BioWare’s Vague “Live” Plan for Anthem Details Content that Probably Should Already Be In-Game

Anthem hasn’t gotten off to a very good start, with review scores averaging to a grim 61 at the time of writing. Our own impressions of the game were that it offers a solid foundation with plenty of potential that is currently held back by a lack of content, repetitive quests, grinding, and a host of technical issues.

The disappointing void of substance in Anthem is a familiar story for shared-world shooters, one that we’ve seen time and time again in this increasingly popular space of the multiplayer gaming scene.

It’s become almost begrudgingly accepted that many of today’s games release as a barebones package to be added to at a later date — sometimes intentionally, sometimes not; in some cases, they’ve been transformed into terrific games, while others have been too far gone to save.

And so BioWare today begins its “Live Service” for Anthem. Chad Robertson, head of Anthem’s Live service announced the developer’s intention to fine-tune and add fresh content to the game over the coming months.

The statement from Robertson is carefully worded to reflect the developer’s a genuine commitment to player experience, citing Anthem’s latest patch –you know, the one that basically fixed a huge list of technical issues– as a result of player and developer collaboration:

“As a Live Service team, a core tenet for us is listening hard to the community. We use that insight to fix issues and make Quality of Life fixes to the game. Our most recent patch – the one you are playing now — reflects your feedback… Many came from listening to you.”

It’s clear both he and BioWare are desperate to remind us that they’re in this for the long haul and steadfast in their intention to make Anthem the best game it can be. I honestly don’t doubt that, and I understand the need to highlight the word “gamer” in Roberston’s message, as he refers to himself almost as one of us — it’s an attempt to build rapport with a disgruntled audience.

However, I do find the content roadmap far too vague, and where it tries to excite with promises of future content, it actually ends up irritating by teasing content that probably should have been in the game from the start.

If you haven’t already seen the plan, it lists three upcoming updates/patches called “Acts” in March, and then there are a further two “Acts” underneath with a locked symbol.

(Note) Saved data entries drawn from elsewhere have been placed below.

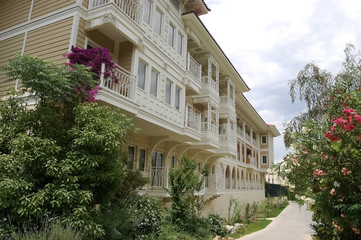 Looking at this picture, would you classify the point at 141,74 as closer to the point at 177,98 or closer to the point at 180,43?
the point at 177,98

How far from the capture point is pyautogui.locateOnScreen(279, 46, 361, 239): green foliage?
5434mm

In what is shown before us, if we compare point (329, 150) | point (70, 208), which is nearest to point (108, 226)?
point (70, 208)

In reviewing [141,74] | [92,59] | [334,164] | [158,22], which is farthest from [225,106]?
[334,164]

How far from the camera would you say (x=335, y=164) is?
19.2 ft

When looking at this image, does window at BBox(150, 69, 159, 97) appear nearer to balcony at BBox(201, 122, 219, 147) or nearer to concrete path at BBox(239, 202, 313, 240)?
balcony at BBox(201, 122, 219, 147)

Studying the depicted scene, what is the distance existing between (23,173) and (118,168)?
1.99 m

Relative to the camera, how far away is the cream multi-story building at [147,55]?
29.5ft

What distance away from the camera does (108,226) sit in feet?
21.2

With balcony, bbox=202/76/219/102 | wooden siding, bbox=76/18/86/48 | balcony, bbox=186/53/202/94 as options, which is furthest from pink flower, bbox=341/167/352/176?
balcony, bbox=202/76/219/102

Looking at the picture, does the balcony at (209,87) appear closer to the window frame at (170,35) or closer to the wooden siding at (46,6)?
the window frame at (170,35)

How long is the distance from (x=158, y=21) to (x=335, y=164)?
31.7 feet

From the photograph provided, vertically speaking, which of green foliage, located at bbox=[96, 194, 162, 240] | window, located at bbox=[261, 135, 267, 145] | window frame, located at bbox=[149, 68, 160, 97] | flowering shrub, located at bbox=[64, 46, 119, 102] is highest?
window, located at bbox=[261, 135, 267, 145]

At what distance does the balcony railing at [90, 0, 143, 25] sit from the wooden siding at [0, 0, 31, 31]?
344 cm

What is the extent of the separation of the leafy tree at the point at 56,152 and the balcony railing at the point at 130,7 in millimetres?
3622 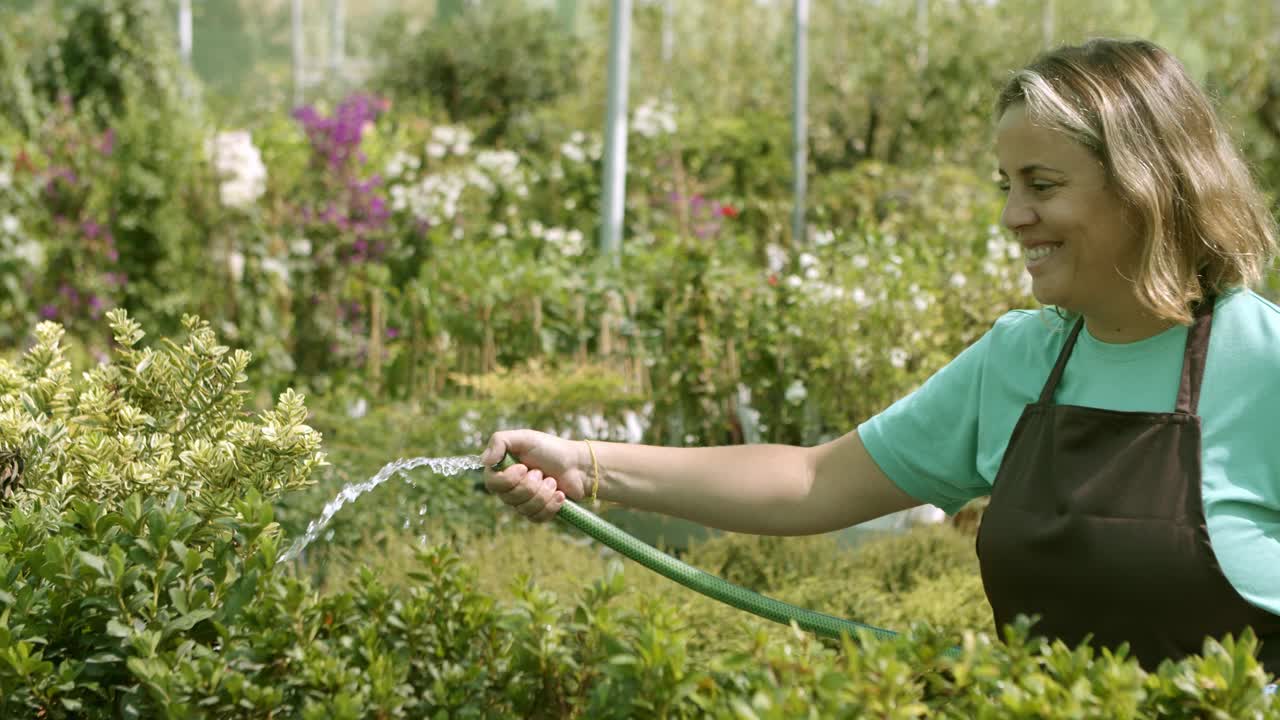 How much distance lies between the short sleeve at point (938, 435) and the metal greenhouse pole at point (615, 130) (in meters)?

Presumably, then, BioWare has three months of support loosely penciled in thus far.

So what are we getting that sounds so dubious?

The three updates are called Evolving World, Stronger Together, and The Cataclysm. They’re launching in that order; what they actually comprise isn’t divulged in any great detail.

In brief, BioWare plans to make the environment more interesting, improve “social interaction” between players, and add a new event.

Now, I understand the nature of an MMO, a “live game” — it’s a constantly evolving experience that adds content and depth as time goes on by nature of its design. Updates are to be expected, and a roadmap is something to be celebrated. But to me, the above all sounds like content that should have been there at launch.

It sounds like the missing features that basically holds Anthem back from being a quality video game. Especially because March is, well, a week away and basically everything the roadmap speaks of –a largely hollow and bland open world, a strangely lonely co-operative experience, and far too many repetitive and grindy quests– are complaints found in virtually every published Anthem review.

I have no idea whether Anthem’s launch was rushed. My assumption would be that was indeed the case. It doesn’t feel like a finished product and it doesn’t have the promised depth of story that BioWare assured us it would. What I do know is that it’s yet another shared-world shooter that makes the same mistakes as games like Destiny and Sea of Thieves, and I’d hoped we were past that.